This post comes to us from Sam Bagot of Cleary Gottlieb's London office.
Directors of UK companies which are “for sale” are not (unlike directors of Delaware companies) subject to Revlon type duties to take active steps to obtain the best price reasonably available to shareholders.
However, directors of UK companies are subject to a duty to act for proper purposes, which has been interpreted by UK Courts as requiring strict board neutrality when battles for corporate control arise. The UK proper purposes duty would for instance likely prohibit directors of UK companies from taking actions permitted under the Delaware Unocal principles, such as the establishment of a poison pill in response to an unsolicited offer which posed a threat to corporate policy.

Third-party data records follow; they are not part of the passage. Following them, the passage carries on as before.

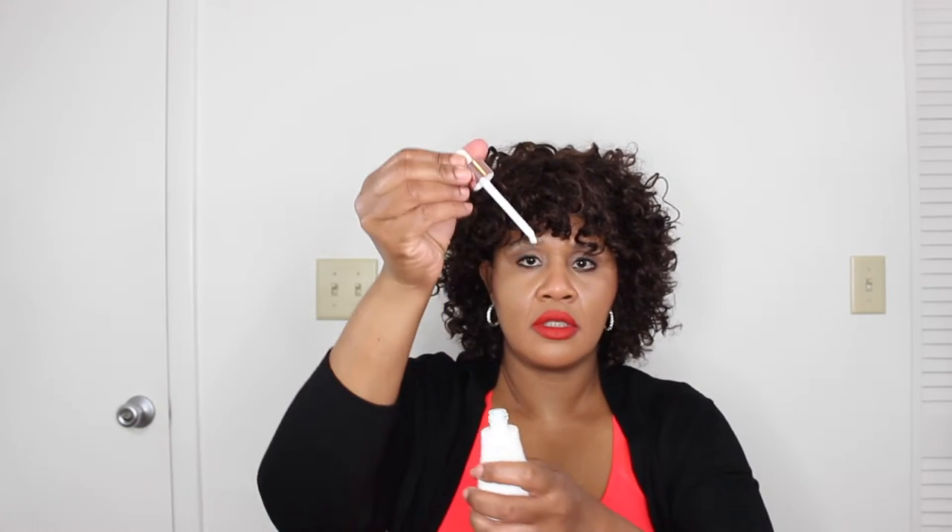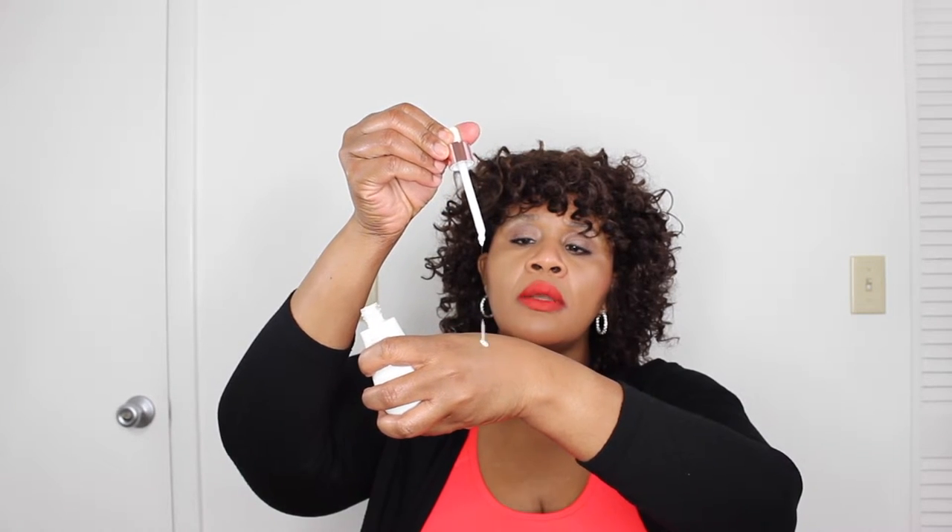Take a tiny drop. Boom, that's it. That's all you need. See how moisturized my skin is — that is it, that is all you need, you guys. Your skin is moisturized, it feels smooth like a baby's bum.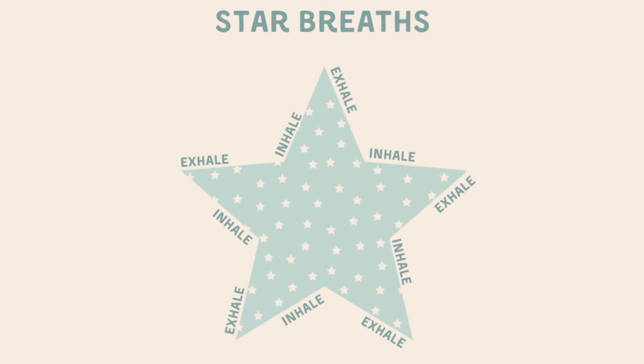So when it says inhale, we will breathe in through our nose. And when it says exhale, we're going to breathe out through our mouth.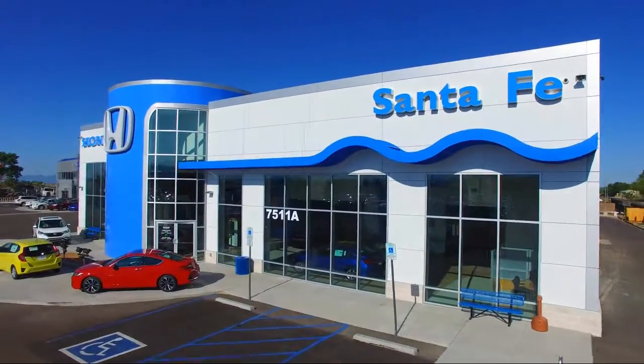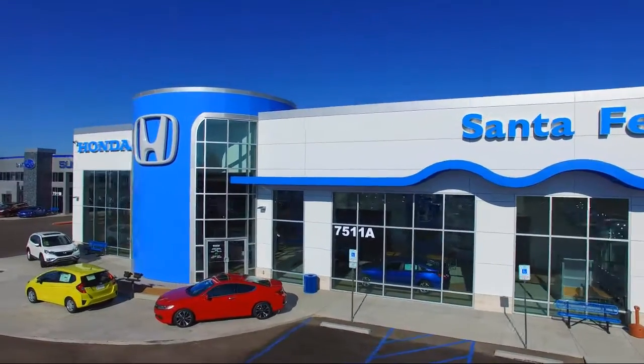Welcome to Honda of Santa Fe, and here's a look at another one of our fine vehicles from our great selection.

In an important recent case - Eclairs Group v JKX Oil and Gas (UKSC 2014/0179) - the UK Supreme Court re-iterated the primacy of board neutrality when battles for corporate control arise. In this case, the Supreme Court applied the proper purposes duty to invalidate certain actions taken by the board of a company subject to an alleged corporate raid to disenfranchise the voting rights of the alleged corporate raiders. This was despite the fact that:
- the directors genuinely believed that the alleged raid was deceitful, subversive and harmful to shareholders; and
- the directors had a basis to believe that the alleged raiders had not properly responded to requests issued by the company requiring the alleged raiders to disclose the nature of their interests in the company.